• [DESCRIPTION OF THE TASK] Output the listing word for word, minus pictures.

|---|

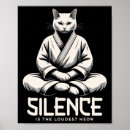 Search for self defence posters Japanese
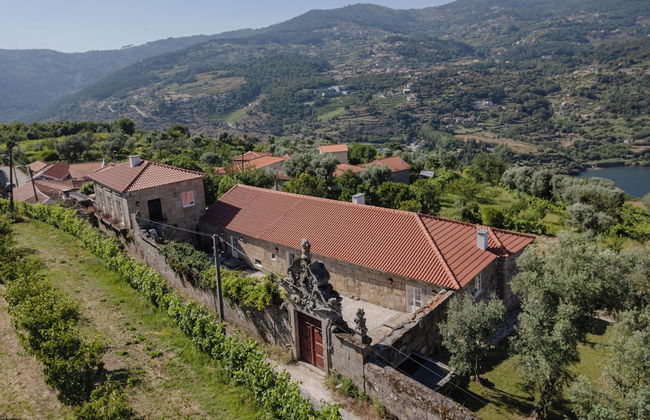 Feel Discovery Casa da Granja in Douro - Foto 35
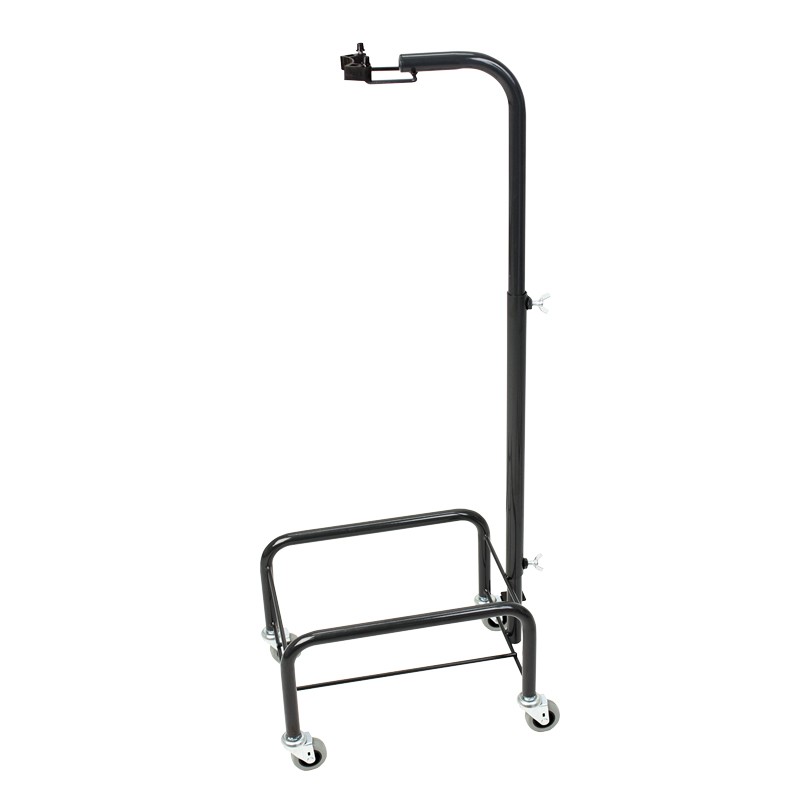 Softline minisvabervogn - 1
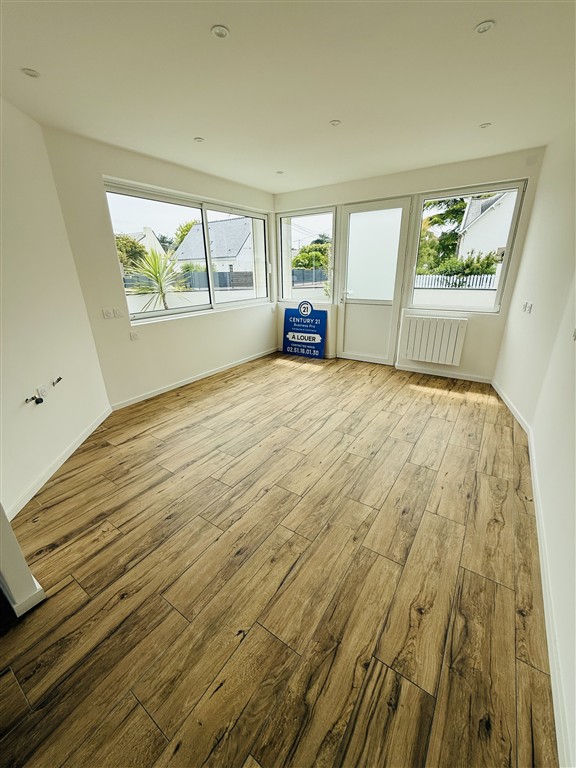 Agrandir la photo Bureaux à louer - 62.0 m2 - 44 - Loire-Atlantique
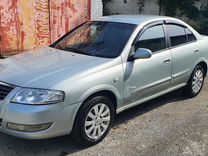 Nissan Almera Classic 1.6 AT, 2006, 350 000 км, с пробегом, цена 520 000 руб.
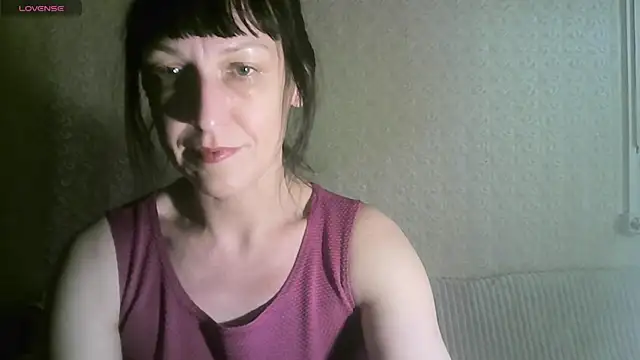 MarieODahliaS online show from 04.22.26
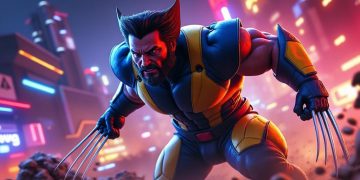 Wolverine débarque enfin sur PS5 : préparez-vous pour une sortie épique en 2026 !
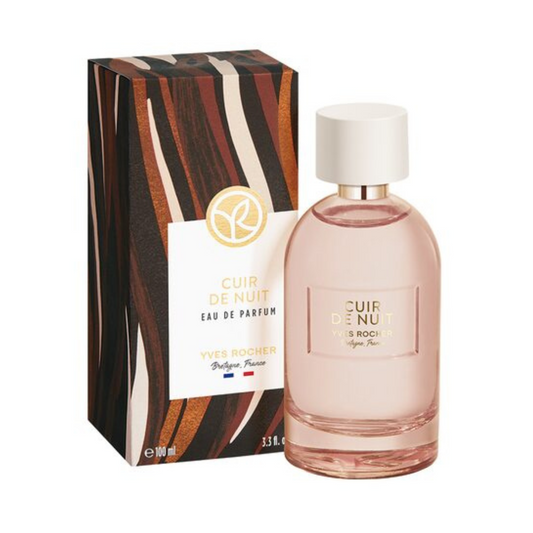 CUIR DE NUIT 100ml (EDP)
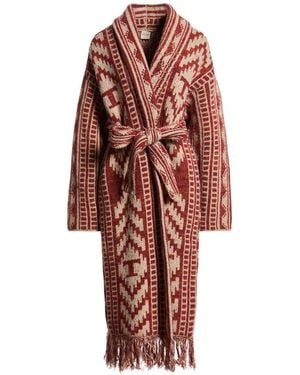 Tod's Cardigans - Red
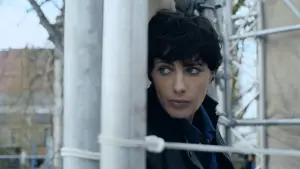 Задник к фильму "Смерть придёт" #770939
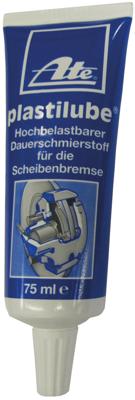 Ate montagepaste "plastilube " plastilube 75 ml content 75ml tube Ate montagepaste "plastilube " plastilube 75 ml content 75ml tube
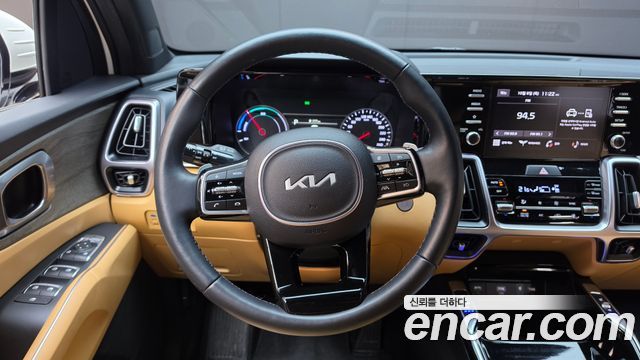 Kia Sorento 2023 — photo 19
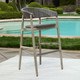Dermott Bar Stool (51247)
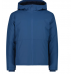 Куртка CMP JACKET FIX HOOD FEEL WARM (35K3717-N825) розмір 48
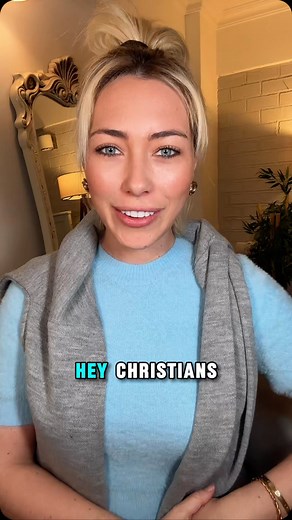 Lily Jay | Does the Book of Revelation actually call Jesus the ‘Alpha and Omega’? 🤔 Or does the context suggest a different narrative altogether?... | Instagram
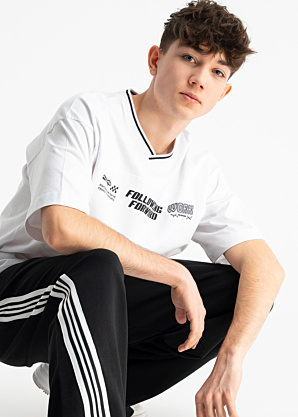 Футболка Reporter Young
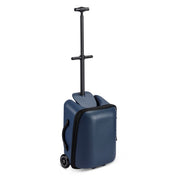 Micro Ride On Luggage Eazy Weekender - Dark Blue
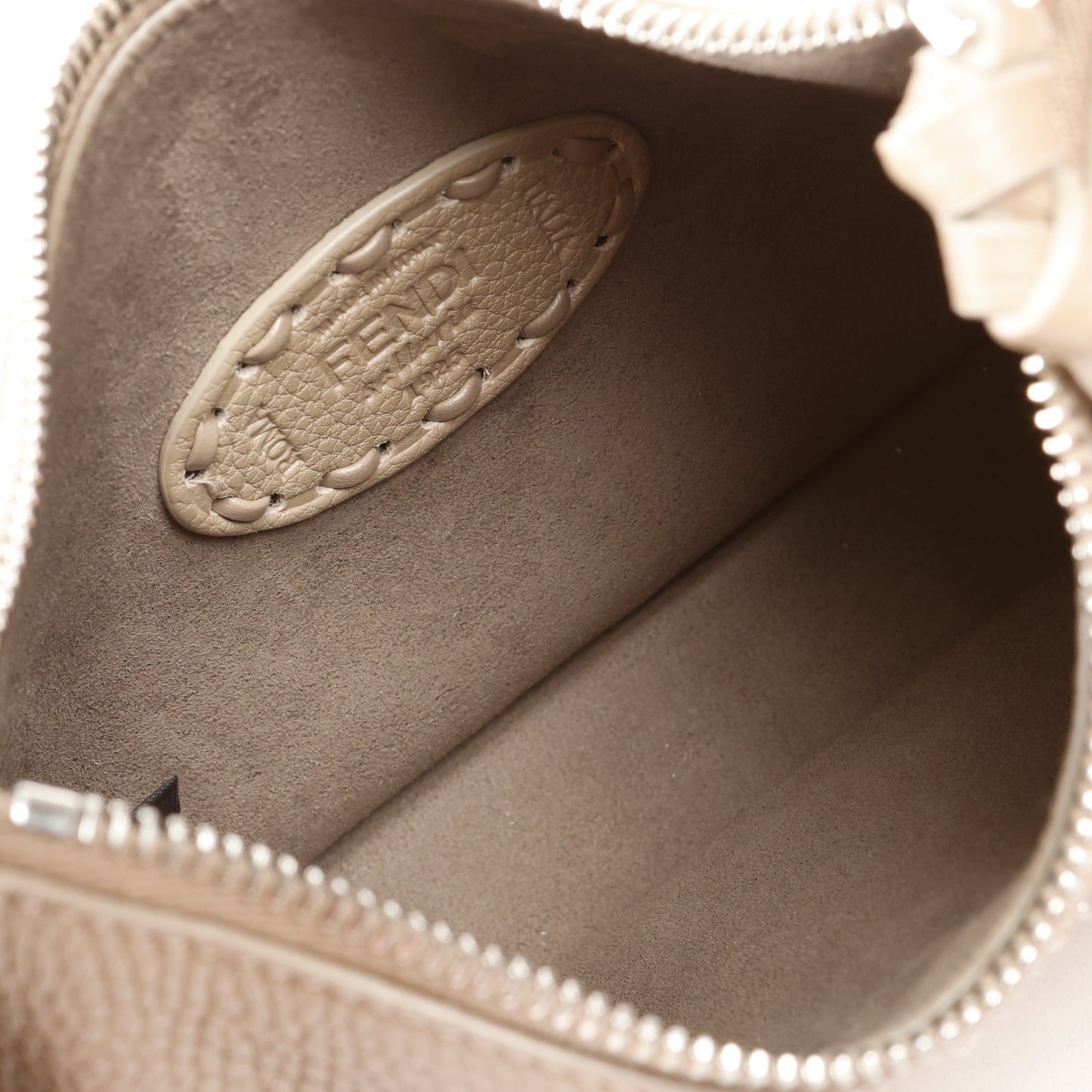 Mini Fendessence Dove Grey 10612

|---|

• [RESPONSE BOX]
 Search for self defence posters Japanese
 Feel Discovery Casa da Granja in Douro - Foto 35
 Softline minisvabervogn - 1
 Agrandir la photo Bureaux à louer - 62.0 m2 - 44 - Loire-Atlantique
 Nissan Almera Classic 1.6 AT, 2006, 350 000 км, с пробегом, цена 520 000 руб.
 MarieODahliaS online show from 04.22.26
 Wolverine débarque enfin sur PS5 : préparez-vous pour une sortie épique en 2026 !
 CUIR DE NUIT 100ml (EDP)
 Tod's Cardigans - Red
 Задник к фильму "Смерть придёт" #770939
 Ate montagepaste "plastilube " plastilube 75 ml content 75ml tube Ate montagepaste "plastilube " plastilube 75 ml content 75ml tube
 Kia Sorento 2023 — photo 19
Dermott Bar Stool (51247)
 Куртка CMP JACKET FIX HOOD FEEL WARM (35K3717-N825) розмір 48
 Lily Jay | Does the Book of Revelation actually call Jesus the ‘Alpha and Omega’? 🤔 Or does the context suggest a different narrative altogether?... | Instagram
 Футболка Reporter Young
 Micro Ride On Luggage Eazy Weekender - Dark Blue
 Mini Fendessence Dove Grey 10612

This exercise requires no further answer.